The increasing banality of Solnit’s writing
Meghan Murphy was also unimpressed by Solnit’s rhapsody on her own hippitude. (Do I like to beat everything to death? Yes, I do, why do you ask?) Meghan Murphy does excellent unimpressed.
The increasing banality of Solnit’s writing might explain why she published a 1700 word letter in The Guardian, in response to nothing and no one, never making clear why this and why now. Perhaps she has a hat from which she can pull hot takes, or perhaps a predictable and dull editor requested the polemic for clicks. A writer myself, it strikes me that these kinds of pieces are what happens when one runs out of things to say.
“Dear ladies who are fearful and hostile to trans women,” she begins. Which ladies, we will never know. One presumes Solnit has never encountered said ladies, personally, as she declines to offer examples. But that’s not the point. The point was to offer herself a way to launch into an advertisement of her own perceived Cool Girl-ness — the “I have black friends” version of queer politics. Much of the piece documents Solnit’s humble participation in San Fransisco’s LGBTQ scene, where everyone was kind, which I suppose is meant to comfort women who have concerns about, say, violent men raping women in prison and the complete dissolution of female sport.
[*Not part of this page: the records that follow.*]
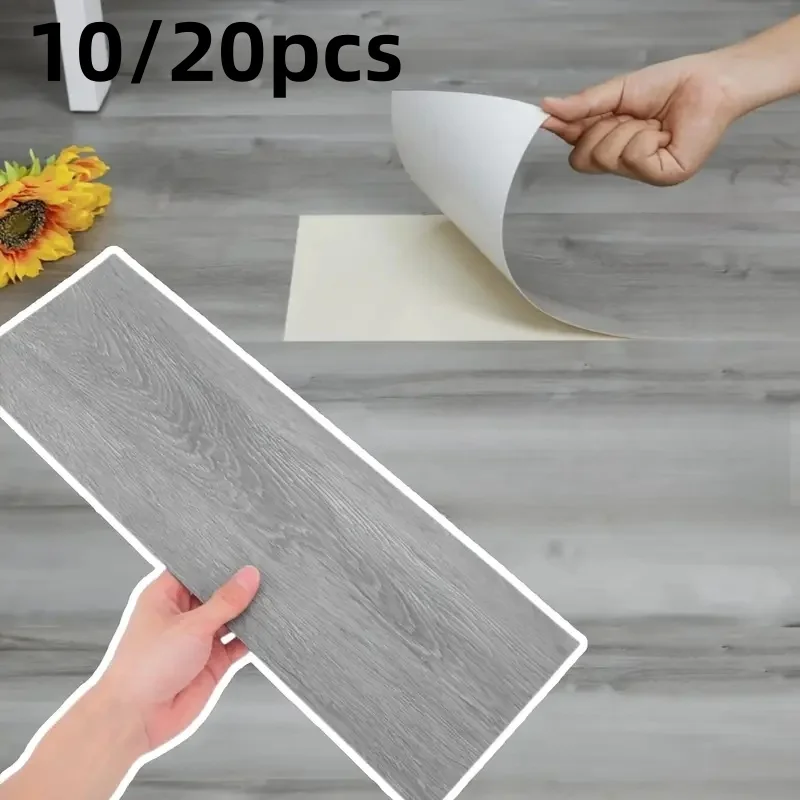 10/20 Stück 40 x 15 cm selbstklebende Bodenaufkleber DIY Holzmaserung Wandaufkleber wasserdicht hitzebeständig Nachahmung von Wandfliesen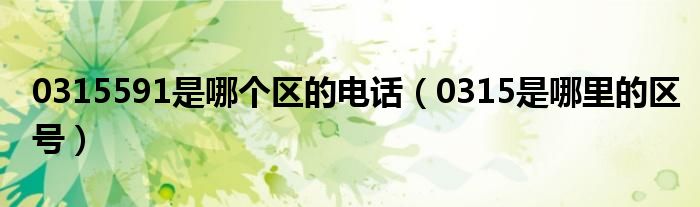 0315591是哪个区的电话（0315是哪里的区号）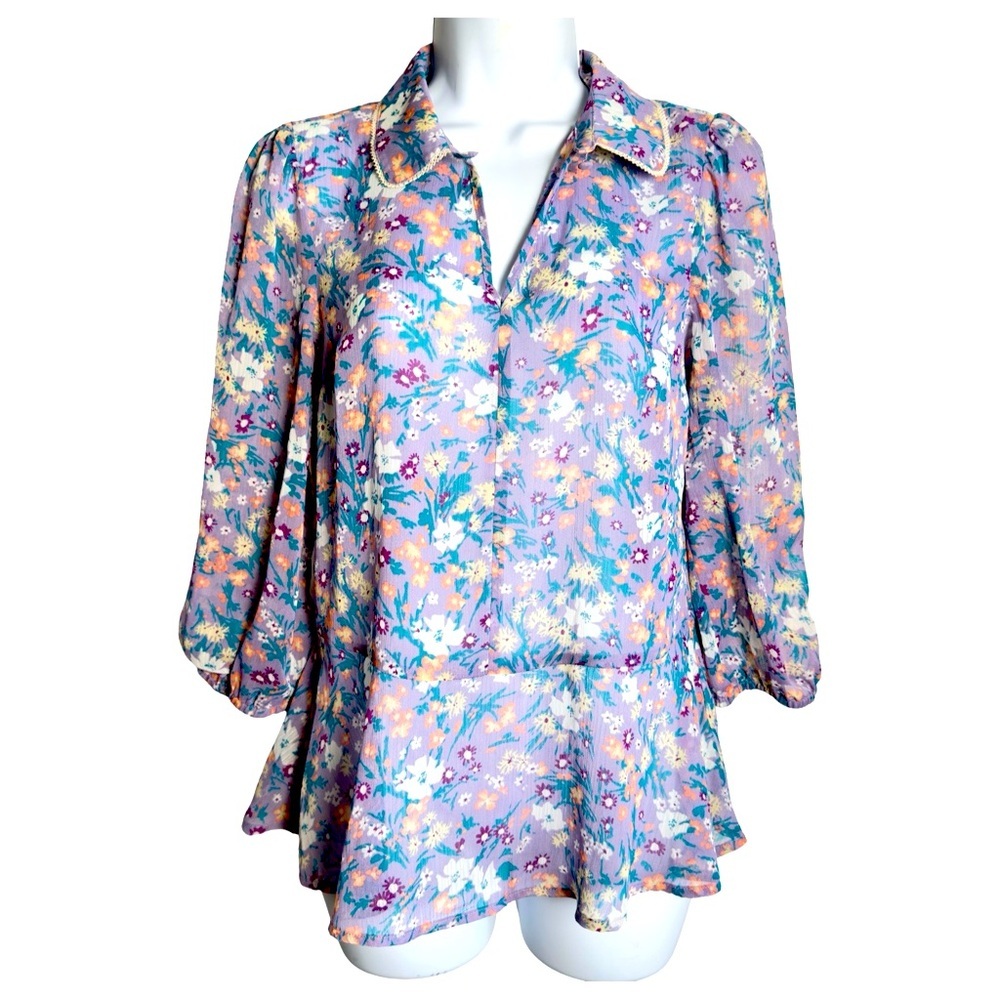 Modcloth Floral Peplum Lavender Blouse Size XS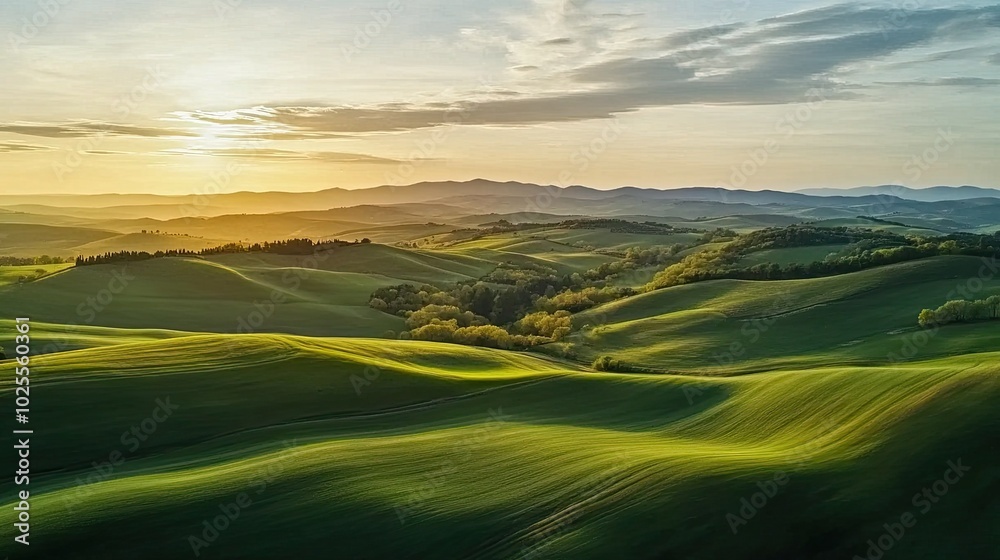 Obraz premium A vibrant sunrise over rolling hills and green fields, with soft clouds scattered across the sky.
While also at the same time making them feel small and pathetic for not being as hip and San Franciscoish as Rebecca Solnit. The whole piece simply reeked of that “I’m better than you” just barely not spelled out implication.
She claims, “Transphobes are always warning us that if trans people live in peace and legal recognition and even have rights, there will be terrible consequences,” which has never been true, not even once.
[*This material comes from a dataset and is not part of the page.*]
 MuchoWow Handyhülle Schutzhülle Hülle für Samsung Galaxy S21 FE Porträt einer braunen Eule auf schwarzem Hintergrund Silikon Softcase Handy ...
That was one of the major faults of the piece: the outright falsehoods. Murphy then tackles the bit where Solnit says we’re all fine, and asks if “Jessica” Yaniv’s victims are fine, if the girls losing out on scholarships because boys are taking their places in sport are fine, if women in prison with violent men are fine.
It’s not only the fact Solnit seems to believe we should just take her word for it, but that she seems not to believe in listening to any woman who might like her word considered fairly and accurately as well. To refuse to seek out evidence to support your own claims is bad enough for someone of Solnit’s stature, but to actively misrepresent and lie about what other women say and believe is worse.
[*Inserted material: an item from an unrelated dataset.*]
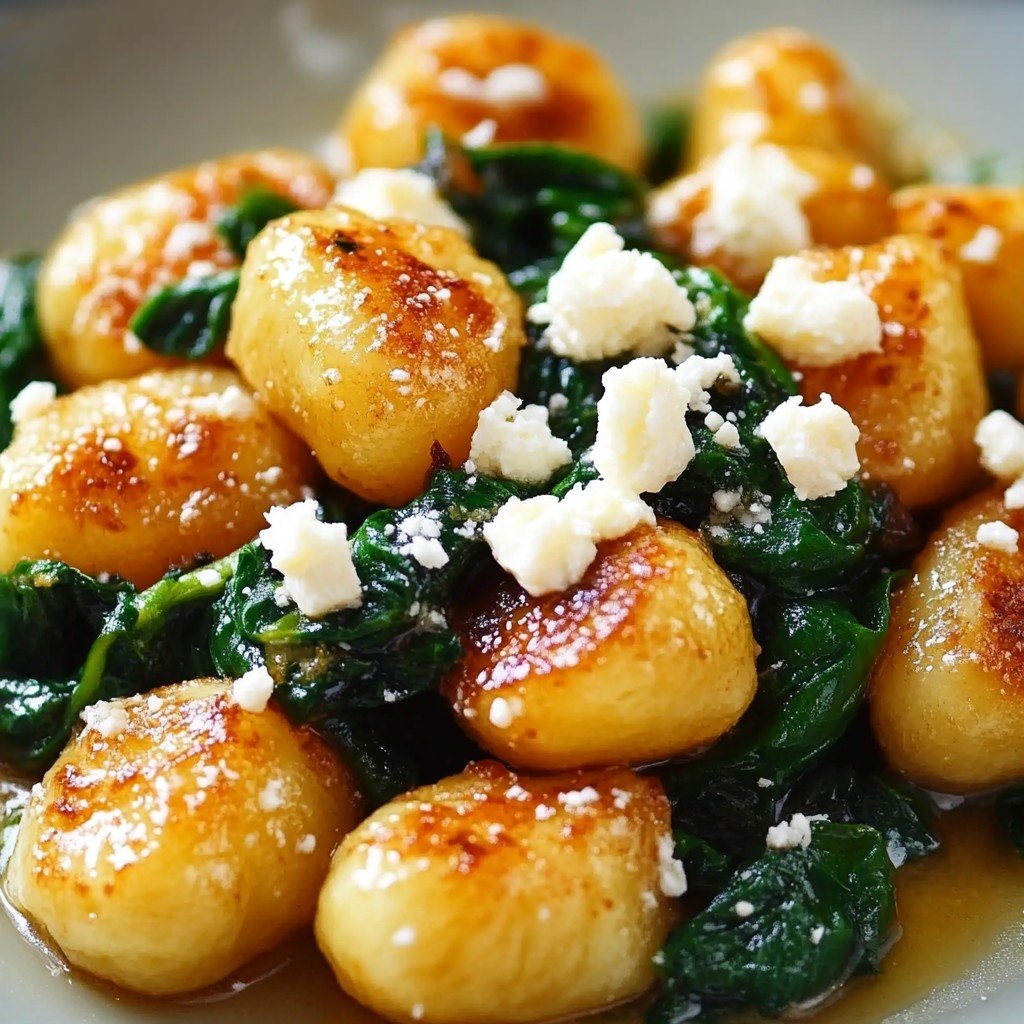 Crispy Gnocchi Feta Spinach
It’s all too typical though.
Since you’ve said you “like to beat everything to death”, and since I don’t recall mention of this one, there is a good open letter to Solnit by Holly Lawford-Smith here:
https://letter.wiki/conversation/897
It has a somewhat different tone than some of the other responses I’ve read, but is excellent nonetheless.
Ah thanks, I haven’t seen that.
Sackbut, thanks. I enjoyed that. And Murphy’s, too, which showed up in my email because I subscribe to feminist current.
I expect someone more articulate than me has made that point already, but it strikes me that trans women are just a new category of males that we’re expected to trust on someone else’s say-so. You’d think that collectively, we have had plenty of opportunities to realise that a male is not trustworthy just because he’s a religious leader, celebrity, children’s sports coach, teacher, charity worker, healthcare professional, beloved children’s entertainer, family man, politician, work colleague, friend, friend of a friend, or indeed, family member. But a male claiming to feel like a woman on the inside? Totally different.
Catwhisperer, you got a chuckle out of me. I like the presto chango aspect. Creepy treehouse? No thanks. Presto Chango! Transwoman’s treehouse! A-OK!
Ophelia, thanks for the link to Feminist Current. I found lots of good reading there. I especially liked this one:
https://www.feministcurrent.com/2020/08/15/dont-teach-your-kids-to-explore-gender-refuse-to-teach-them-gender-at-all/
Papito, well now you’ve cracked me up.